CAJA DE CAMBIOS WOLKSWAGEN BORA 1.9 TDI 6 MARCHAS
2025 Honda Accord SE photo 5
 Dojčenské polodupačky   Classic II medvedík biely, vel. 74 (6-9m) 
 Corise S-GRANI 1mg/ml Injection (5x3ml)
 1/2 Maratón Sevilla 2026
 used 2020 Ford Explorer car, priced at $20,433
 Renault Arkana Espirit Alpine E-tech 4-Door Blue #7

____

• _Exercise description_
Only the lines from the one holding "vel. 74 (6-9m)" to the end of the material are wanted, each transcribed exactly.

• _Answer box_
 Dojčenské polodupačky   Classic II medvedík biely, vel. 74 (6-9m) 
 Corise S-GRANI 1mg/ml Injection (5x3ml)
 1/2 Maratón Sevilla 2026
 used 2020 Ford Explorer car, priced at $20,433
 Renault Arkana Espirit Alpine E-tech 4-Door Blue #7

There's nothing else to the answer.